Yes, that accurately represents the private memory for a process, but it
doesn't reflect the user's experience.  Windows generally tracks working
set.  Why?  Because the working set is the amount of memory *not available
to other apps*.  If other apps can have the memory, then using the bytes is
inconsequential.

For most applications, there isn't much difference between private bytes and
working set private bytes.  However, because of Chrome's multi-proc
architecture, there is a big difference.  The reason is because
Chrome intentionally gives memory back to the OS.  For instance, on my
current instance of Chrome, I'm using 16 tabs.  The sum of the private bytes
is 514408.  The sum of the private working set bytes is 275040, nearly half
of the private bytes number.  This is on a machine with 8GB of RAM, so there
is plenty of memory to go around.  But if some other app wants the memory,
Chrome gave it back to the OS and will suffer the page faults to get it
back.  Since Chrome has given it back to the OS (and has volunteered to take
the performance consequences of getting it back), I don't think it should be
counted as Chrome usage.  Others may disagree. But Windows uses working set
as the primary metric for all applications the OS folks agree that working
set is the right way to account for memory usage.

Single process browsers have a hard time giving memory back, because they
can't differentiate which pages are accounted to unused, background tabs and
which pages are accounted to the active, in-use tabs.

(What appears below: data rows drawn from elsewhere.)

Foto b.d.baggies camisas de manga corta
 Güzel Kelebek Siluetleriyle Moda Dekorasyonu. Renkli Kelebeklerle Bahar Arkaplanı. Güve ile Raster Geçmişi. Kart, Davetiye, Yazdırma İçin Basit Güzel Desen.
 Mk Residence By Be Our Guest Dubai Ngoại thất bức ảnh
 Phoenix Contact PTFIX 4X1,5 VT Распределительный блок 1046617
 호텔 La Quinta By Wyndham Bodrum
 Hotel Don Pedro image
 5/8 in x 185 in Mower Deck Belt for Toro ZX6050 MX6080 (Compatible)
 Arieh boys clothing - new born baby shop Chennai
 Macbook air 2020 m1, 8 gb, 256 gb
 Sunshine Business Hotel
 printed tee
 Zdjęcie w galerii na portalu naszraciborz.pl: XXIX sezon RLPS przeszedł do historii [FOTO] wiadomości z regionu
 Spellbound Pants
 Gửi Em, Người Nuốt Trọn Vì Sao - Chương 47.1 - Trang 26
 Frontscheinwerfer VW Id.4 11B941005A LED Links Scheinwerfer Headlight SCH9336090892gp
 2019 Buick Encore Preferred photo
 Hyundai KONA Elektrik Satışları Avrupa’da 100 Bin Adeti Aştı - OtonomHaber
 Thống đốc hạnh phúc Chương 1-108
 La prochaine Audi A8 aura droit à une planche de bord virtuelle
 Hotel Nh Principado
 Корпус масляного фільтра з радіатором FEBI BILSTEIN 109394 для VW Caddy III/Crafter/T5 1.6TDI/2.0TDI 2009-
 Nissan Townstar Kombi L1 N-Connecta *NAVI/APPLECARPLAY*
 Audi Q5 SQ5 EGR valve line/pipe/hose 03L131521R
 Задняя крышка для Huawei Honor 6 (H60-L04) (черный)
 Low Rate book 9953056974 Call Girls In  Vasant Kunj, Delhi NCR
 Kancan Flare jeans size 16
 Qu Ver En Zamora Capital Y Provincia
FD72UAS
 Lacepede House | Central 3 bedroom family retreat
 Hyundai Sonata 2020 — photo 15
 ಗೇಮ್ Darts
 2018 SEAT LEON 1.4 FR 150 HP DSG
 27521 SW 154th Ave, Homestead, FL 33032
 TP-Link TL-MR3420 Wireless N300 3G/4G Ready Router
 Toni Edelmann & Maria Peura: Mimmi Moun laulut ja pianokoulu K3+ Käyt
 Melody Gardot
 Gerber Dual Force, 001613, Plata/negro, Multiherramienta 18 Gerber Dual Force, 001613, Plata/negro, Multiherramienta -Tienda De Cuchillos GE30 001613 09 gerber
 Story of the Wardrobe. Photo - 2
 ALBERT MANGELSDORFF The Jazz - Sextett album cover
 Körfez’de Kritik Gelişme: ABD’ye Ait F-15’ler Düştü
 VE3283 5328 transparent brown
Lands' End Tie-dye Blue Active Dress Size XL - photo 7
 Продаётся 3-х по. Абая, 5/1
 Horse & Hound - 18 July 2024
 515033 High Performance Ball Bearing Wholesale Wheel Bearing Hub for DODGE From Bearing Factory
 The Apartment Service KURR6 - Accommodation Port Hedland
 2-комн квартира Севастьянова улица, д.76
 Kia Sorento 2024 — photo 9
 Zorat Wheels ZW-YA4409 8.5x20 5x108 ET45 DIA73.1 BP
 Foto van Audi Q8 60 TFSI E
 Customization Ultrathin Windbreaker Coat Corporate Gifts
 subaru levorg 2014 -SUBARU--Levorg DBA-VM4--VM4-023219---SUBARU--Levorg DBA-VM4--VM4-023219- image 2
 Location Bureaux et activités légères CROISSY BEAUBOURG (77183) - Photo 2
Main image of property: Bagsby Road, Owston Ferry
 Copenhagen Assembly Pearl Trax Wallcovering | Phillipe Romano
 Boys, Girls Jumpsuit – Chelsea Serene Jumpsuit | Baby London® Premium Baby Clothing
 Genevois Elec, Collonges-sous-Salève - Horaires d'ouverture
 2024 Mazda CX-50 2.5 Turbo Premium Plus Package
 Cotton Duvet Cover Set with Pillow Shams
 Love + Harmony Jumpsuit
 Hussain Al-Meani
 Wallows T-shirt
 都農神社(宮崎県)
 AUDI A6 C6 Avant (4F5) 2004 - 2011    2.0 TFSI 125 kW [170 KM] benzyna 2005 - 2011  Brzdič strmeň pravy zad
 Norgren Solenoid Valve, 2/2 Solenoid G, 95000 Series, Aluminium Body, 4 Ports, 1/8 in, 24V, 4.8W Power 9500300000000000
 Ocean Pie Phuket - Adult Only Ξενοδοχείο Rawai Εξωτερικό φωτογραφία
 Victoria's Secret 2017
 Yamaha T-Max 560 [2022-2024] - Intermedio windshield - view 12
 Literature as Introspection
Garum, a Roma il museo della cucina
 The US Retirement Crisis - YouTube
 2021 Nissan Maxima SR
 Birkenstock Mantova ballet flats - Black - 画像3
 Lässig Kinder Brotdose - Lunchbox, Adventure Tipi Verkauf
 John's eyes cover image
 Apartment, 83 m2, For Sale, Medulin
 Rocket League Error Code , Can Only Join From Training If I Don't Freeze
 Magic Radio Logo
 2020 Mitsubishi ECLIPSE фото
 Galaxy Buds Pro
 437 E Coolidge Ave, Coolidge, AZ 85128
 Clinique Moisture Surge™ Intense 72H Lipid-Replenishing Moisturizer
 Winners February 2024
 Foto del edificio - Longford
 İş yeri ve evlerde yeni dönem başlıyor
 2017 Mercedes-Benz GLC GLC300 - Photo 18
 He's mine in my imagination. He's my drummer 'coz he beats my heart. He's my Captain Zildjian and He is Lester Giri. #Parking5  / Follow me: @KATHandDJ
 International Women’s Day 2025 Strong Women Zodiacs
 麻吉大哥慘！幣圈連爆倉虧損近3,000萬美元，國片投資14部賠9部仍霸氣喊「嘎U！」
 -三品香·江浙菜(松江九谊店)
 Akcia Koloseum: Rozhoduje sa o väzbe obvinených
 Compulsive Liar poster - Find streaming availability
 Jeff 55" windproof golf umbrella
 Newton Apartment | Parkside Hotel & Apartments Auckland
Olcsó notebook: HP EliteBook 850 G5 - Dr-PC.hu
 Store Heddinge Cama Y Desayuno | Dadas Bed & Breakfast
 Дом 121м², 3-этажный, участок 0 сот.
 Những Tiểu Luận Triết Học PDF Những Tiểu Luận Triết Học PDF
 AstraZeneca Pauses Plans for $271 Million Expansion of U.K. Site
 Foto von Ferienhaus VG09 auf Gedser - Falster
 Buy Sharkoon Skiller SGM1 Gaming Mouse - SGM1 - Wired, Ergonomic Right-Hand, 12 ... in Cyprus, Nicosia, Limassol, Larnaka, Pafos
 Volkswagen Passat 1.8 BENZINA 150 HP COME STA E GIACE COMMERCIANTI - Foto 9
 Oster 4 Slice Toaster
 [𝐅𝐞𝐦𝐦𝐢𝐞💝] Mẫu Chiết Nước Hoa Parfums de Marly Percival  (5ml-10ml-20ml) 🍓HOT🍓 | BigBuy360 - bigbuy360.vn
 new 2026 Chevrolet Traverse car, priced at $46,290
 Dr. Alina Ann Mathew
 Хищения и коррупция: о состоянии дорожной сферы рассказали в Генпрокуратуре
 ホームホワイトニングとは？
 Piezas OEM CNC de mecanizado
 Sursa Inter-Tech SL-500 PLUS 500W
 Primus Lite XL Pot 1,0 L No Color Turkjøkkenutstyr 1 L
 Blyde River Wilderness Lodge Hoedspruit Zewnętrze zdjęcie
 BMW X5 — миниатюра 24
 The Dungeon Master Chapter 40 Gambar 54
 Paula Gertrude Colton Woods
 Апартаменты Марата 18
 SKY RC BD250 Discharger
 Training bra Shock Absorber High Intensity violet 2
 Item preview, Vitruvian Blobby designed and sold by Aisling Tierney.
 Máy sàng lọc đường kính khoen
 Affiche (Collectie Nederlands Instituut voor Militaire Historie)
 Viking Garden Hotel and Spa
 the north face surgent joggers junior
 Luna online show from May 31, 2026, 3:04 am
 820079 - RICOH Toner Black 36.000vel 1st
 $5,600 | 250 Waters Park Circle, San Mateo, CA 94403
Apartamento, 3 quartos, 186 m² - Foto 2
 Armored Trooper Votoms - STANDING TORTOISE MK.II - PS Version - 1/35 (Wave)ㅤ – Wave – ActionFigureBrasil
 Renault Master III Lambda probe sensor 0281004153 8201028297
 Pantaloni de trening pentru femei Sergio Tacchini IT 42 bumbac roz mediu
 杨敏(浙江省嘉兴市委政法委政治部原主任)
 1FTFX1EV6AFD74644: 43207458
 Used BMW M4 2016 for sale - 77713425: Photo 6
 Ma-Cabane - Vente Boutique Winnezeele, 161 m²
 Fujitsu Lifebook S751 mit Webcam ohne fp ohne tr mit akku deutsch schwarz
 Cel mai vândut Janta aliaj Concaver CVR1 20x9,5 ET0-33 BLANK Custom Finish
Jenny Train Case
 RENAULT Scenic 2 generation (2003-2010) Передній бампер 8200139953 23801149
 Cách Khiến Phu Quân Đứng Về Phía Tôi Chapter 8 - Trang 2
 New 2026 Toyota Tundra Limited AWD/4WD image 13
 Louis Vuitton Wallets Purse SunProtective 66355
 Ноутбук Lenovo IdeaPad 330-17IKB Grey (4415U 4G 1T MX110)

Finally, the common metric which definitely doesn't work well is Windows
XP's default metric:  working set (private + shared).  Because of shared
memory between processes, simply summing the working set will far overstate
the actual RAM used.  Part of the motivation with Vista changing the default
metric from working set to private working set was precisely to deal with
the issue of better accounting of shared memory.